== MATERIAL FOR THIS EXERCISE ==
>>
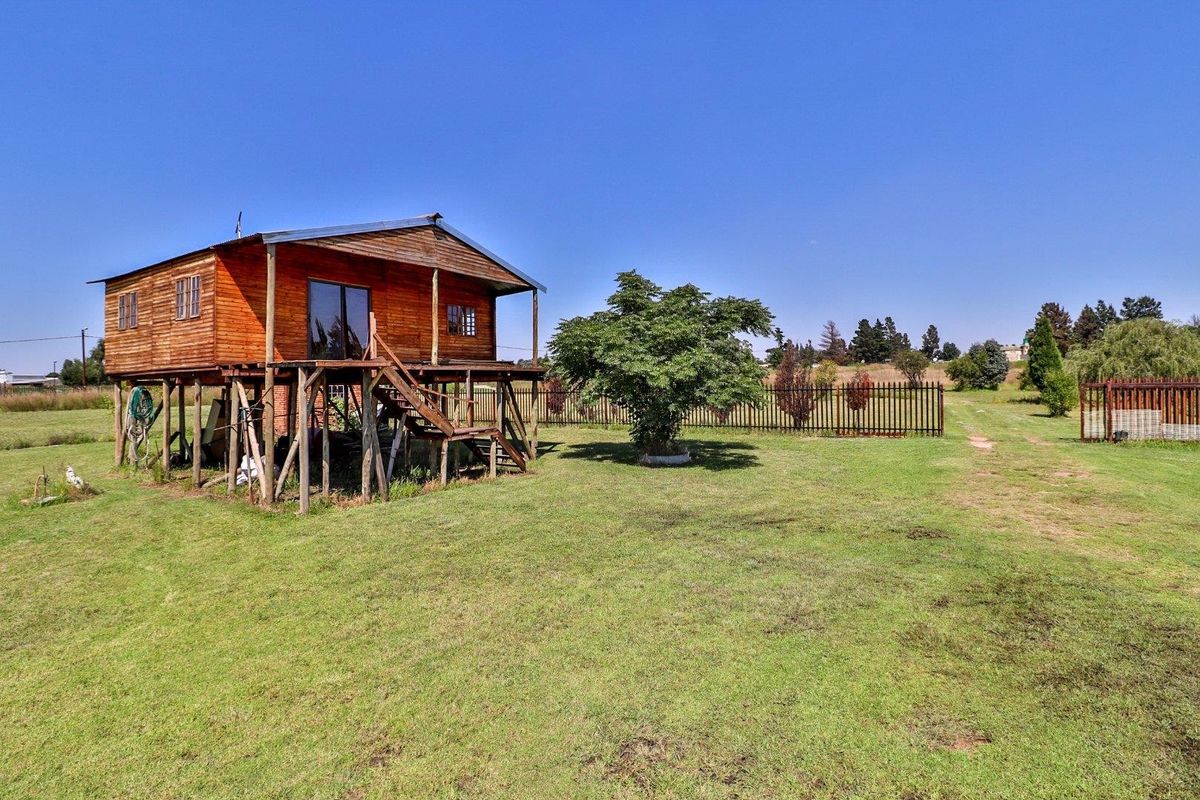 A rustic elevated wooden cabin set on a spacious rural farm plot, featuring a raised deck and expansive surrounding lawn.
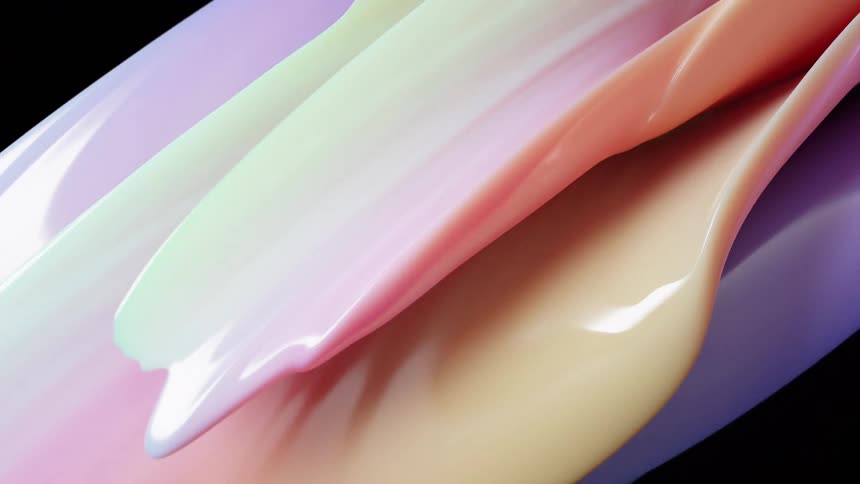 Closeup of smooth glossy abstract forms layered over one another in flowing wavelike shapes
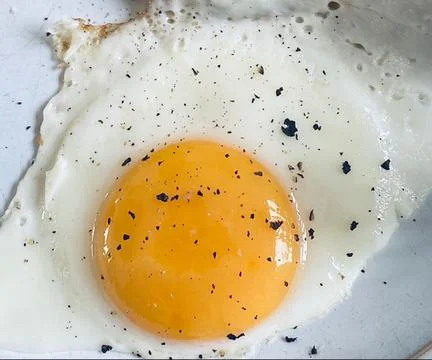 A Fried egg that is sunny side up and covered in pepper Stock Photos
<<
>>
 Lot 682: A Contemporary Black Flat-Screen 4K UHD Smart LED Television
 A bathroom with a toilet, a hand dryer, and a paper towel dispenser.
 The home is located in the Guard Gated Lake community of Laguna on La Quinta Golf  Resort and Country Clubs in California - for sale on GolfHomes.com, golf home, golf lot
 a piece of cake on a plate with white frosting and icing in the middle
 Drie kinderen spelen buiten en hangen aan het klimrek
<<
== WHAT YOU ARE ASKED TO DO ==
Return each line in the records that holds the string "with".

== SOLVED EXERCISE ==
 A bathroom with a toilet, a hand dryer, and a paper towel dispenser.
 a piece of cake on a plate with white frosting and icing in the middle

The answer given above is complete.